**Goal of the exercise:**
Repeat the span of the entries below that starts at the line with "Camisa Cortefiel bordada blanca" and ends at the line with "Verstellbarer 18K Gold", nothing more. Skip the pictures.

**Extracted data:**
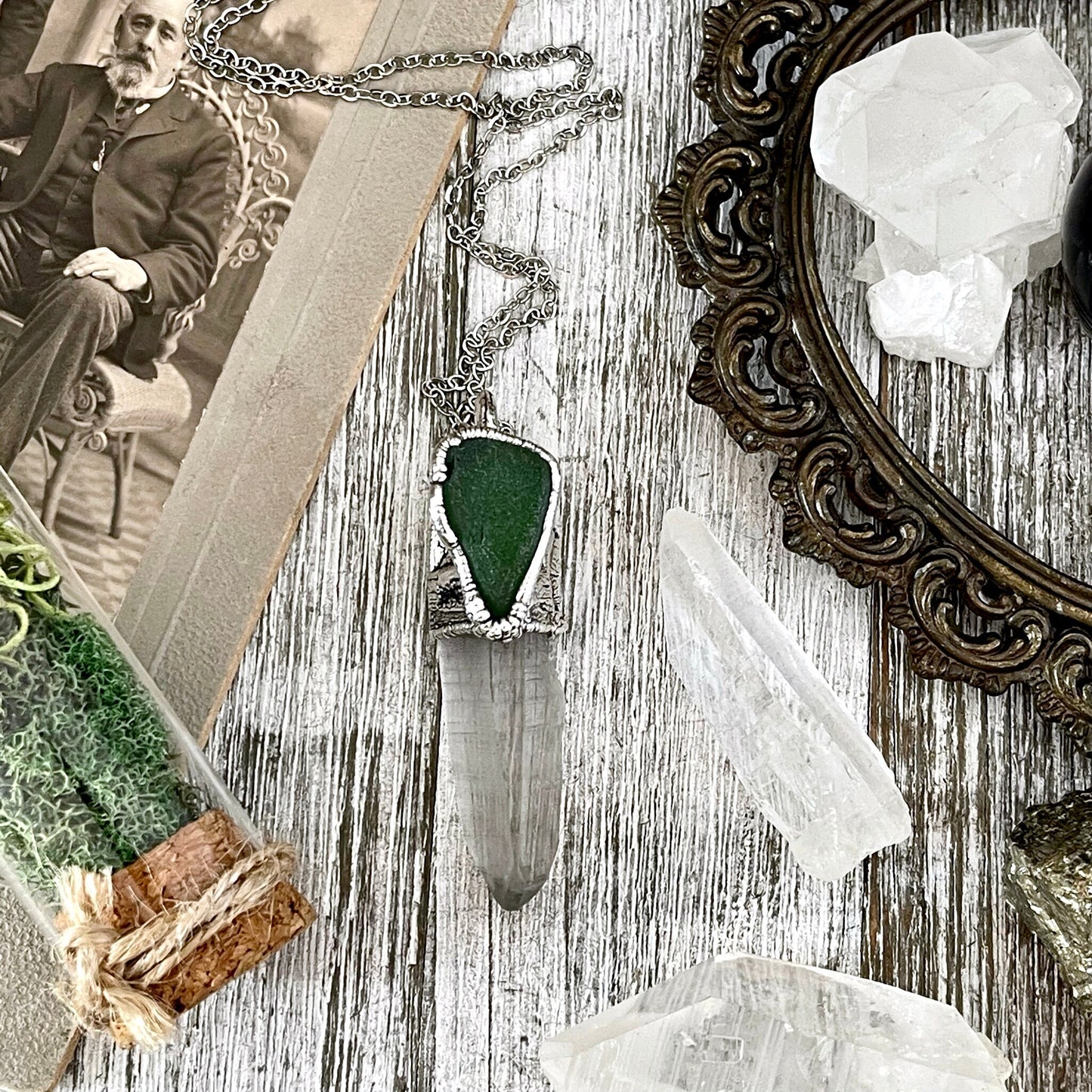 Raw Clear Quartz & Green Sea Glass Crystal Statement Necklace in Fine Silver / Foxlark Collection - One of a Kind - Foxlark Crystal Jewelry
==
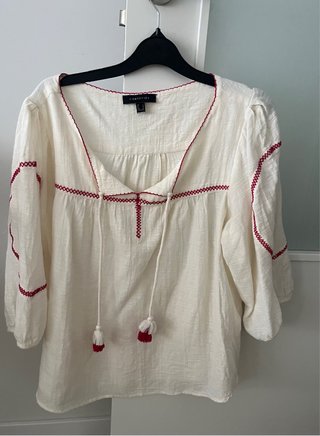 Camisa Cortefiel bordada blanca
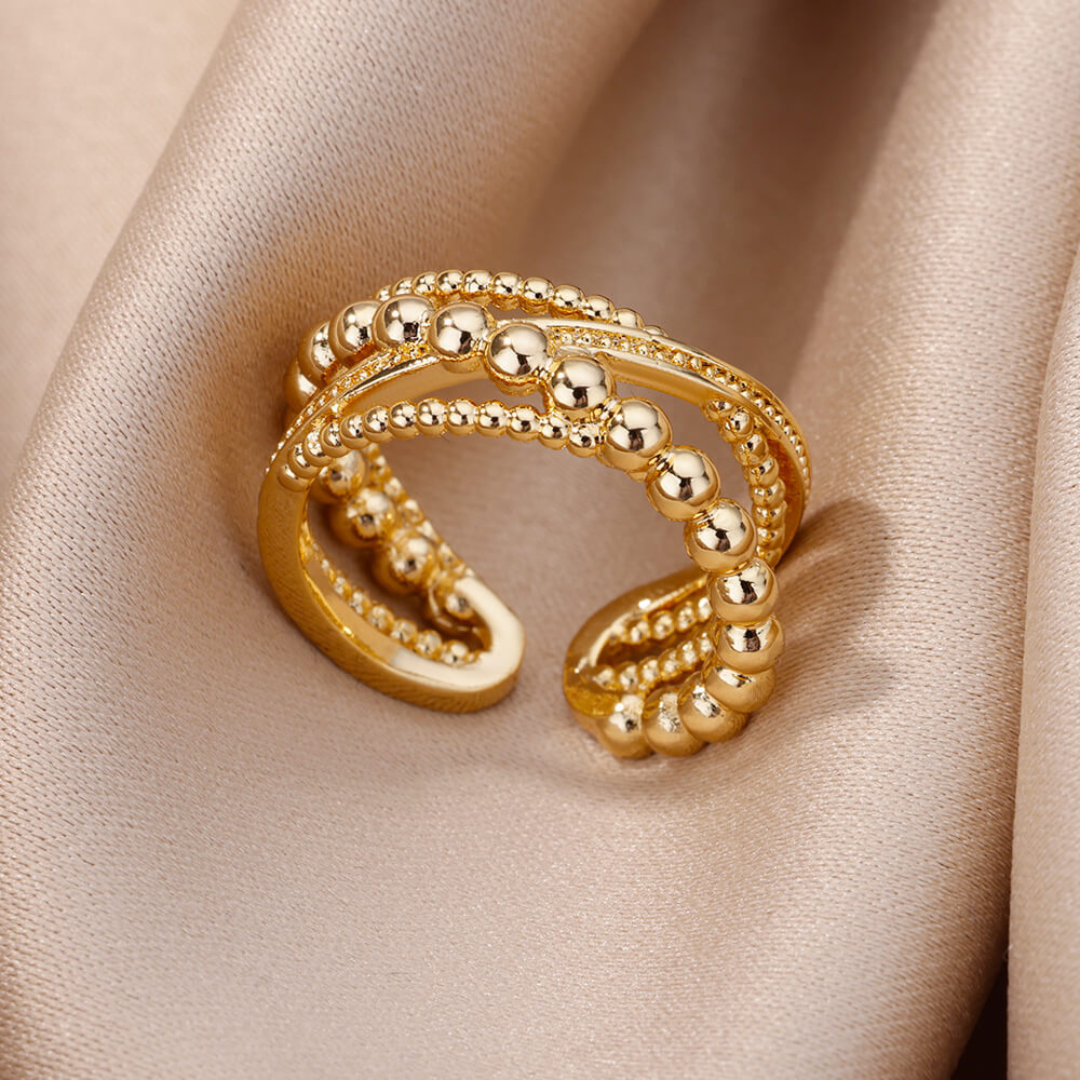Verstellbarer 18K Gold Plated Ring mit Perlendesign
...
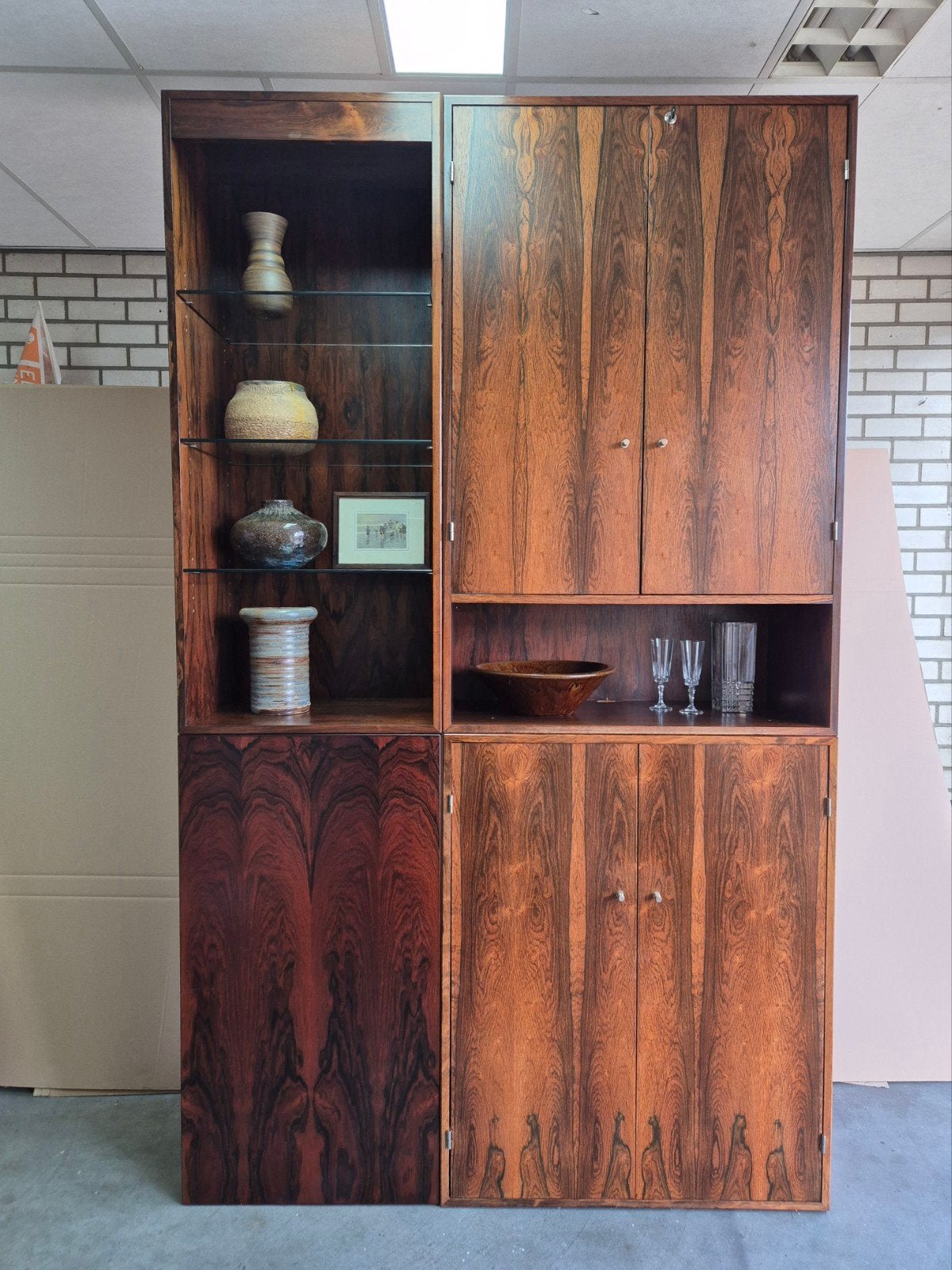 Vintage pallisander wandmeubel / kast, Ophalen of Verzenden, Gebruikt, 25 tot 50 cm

**Solution to this problem:**
 Camisa Cortefiel bordada blanca
Verstellbarer 18K Gold Plated Ring mit Perlendesign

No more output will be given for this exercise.